Code of the District of Columbia

§ 1–1171.02. Political activity authorized; prohibitions.

(a) An employee may take an active part in political management or in political campaigns; provided, that an employee shall not:

(1) Use his or her official authority or influence for the purpose of interfering with or affecting the result of an election;

(2) Knowingly solicit, accept, or receive a political contribution from any person, except if the employee has filed as a candidate for political office;

(3) File as a candidate for election to a partisan political office; or

(4) Knowingly direct, or authorize anyone else to direct, that any subordinate employee participate in an election campaign or request a subordinate to make a political contribution.
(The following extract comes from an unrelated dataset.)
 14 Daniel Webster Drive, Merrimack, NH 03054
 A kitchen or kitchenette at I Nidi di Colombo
(b) The Mayor, the Attorney General, and each member of the Council may designate one employee while on annual or unpaid leave to perform any of the functions described in subsection (a)(2) of this section; provided, that:

(1) The employee shall not perform the functions while the employee is on duty or in any room or building occupied in the discharge of official duties in the District government, including any agency or instrumentality thereof;

(1A) The employee may only perform these functions for a principal campaign committee, exploratory committee, or transition committee;

(2) Any designation pursuant to this subsection shall be made in writing by the Mayor and the Attorney General to the Secretary of the District of Columbia and by any member of the Council to the Secretary to the Council;

(3)(A) Any designated employee shall file a report, in a form as prescribed by the Board, with the Board within 15 days after being designated.

(B) The report shall identify only the employee's name, the name of the person who designated the employee, and the name of the principal campaign committee, exploratory committee, or transition committee for which the employee is designated.
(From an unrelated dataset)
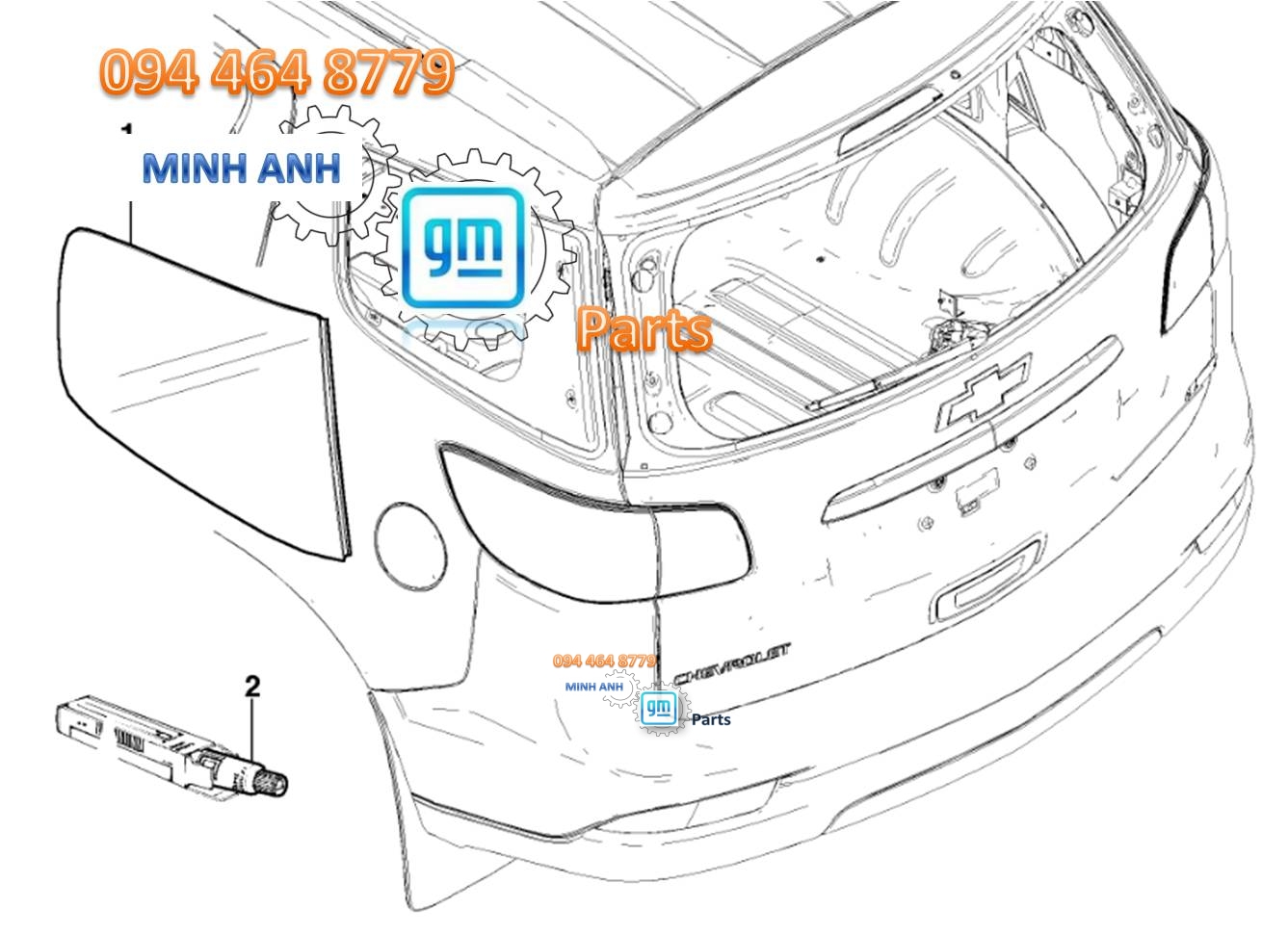 kinh-hong-sau-xe-trailblazer-3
(C) The Board shall, on its website, identify each designated employee, and for each designated employee shall identify the name of the person who designated the employee, as well as the name of the principal campaign committee, exploratory committee, or transition committee for which the employee is designated.
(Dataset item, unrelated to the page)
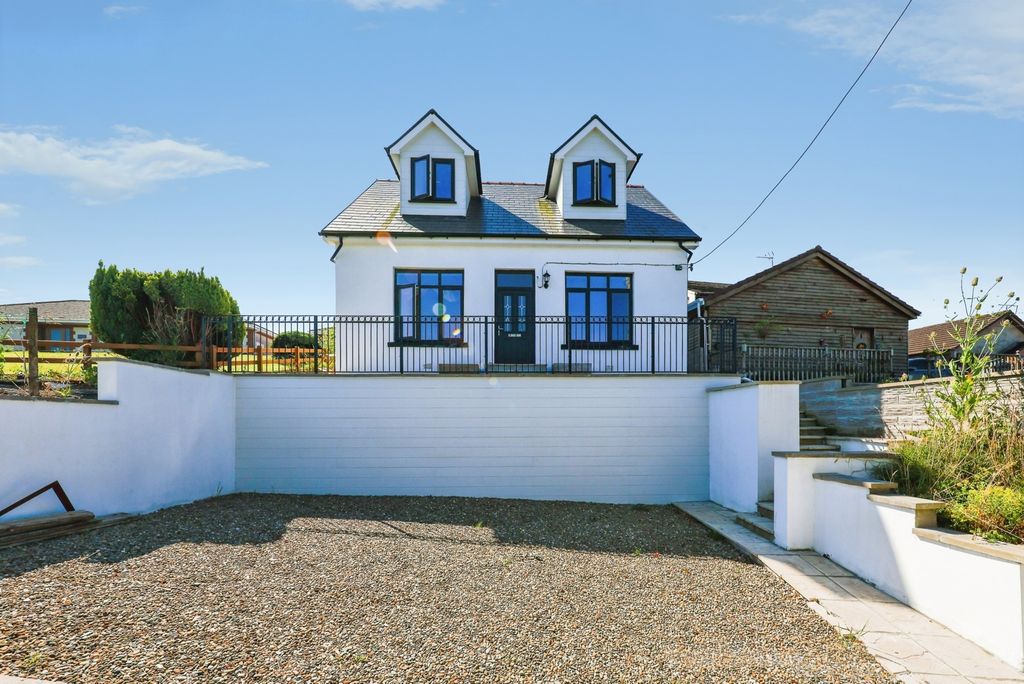 Property photo 1 of 26 Pbox-Img.Jpg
(D) The report required by this paragraph shall be in addition to any disclosure required under § 1-1162.24 or § 1-1162.25; and

(4) The Mayor, the Attorney General, and the Council shall issue standards of conduct implementing this subsection.

(c) Repealed.


(Mar. 31, 2011, D.C. Law 18-335, § 3, 58 DCR 599; Feb. 22, 2014, D.C. Law 20-80, § 2(b), 61 DCR 169; Oct. 8, 2016, D.C. Law 21-160, § 3094, 63 DCR 10775; Mar. 13, 2019, D.C. Law 22-250, § 7, 66 DCR 985.)

Effect of Amendments

The 2014 amendment by D.C. Law 20-80, substituted “§ 1-1162.24” for “§ 1-1106.02” in (b)(3); and repealed (c).

Applicability

Applicability of D.C. Law 22-250: § 10 of D.C. Law 22-250 provided that the change made to this section by § 7 of D.C. Law 22-250 is subject to the inclusion of the law’s fiscal effect in an approved budget and financial plan. Therefore that amendment has not been implemented.

Emergency Legislation

For temporary (90 days) amendment of this section, see § 2(b) of the Prohibition on Government Employee Engagement in Political Activity Emergency Amendment Act of 2013 (D.C. Act 20-25, March 7, 2013, 60 DCR 3986, 20 DCSTAT 485).

For temporary (90 days) amendment of this section, see § 2(b) of the Prohibition on Government Employee Engagement in Political Activity Congressional Review Emergency Amendment Act of 2013 (D.C. Act 20-231, December 20, 2013, 61 DCR 3, 20 DCSTAT 2633).

Temporary Legislation

For temporary (225 days) amendment of this section, see § 2(b) of the Prohibition on Government Employee Engagement in Political Activity Temporary Amendment Act of 2013 (D.C. Law 20-4, May 18, 2013, 60 DCR 4624, 20 DCSTAT 1268).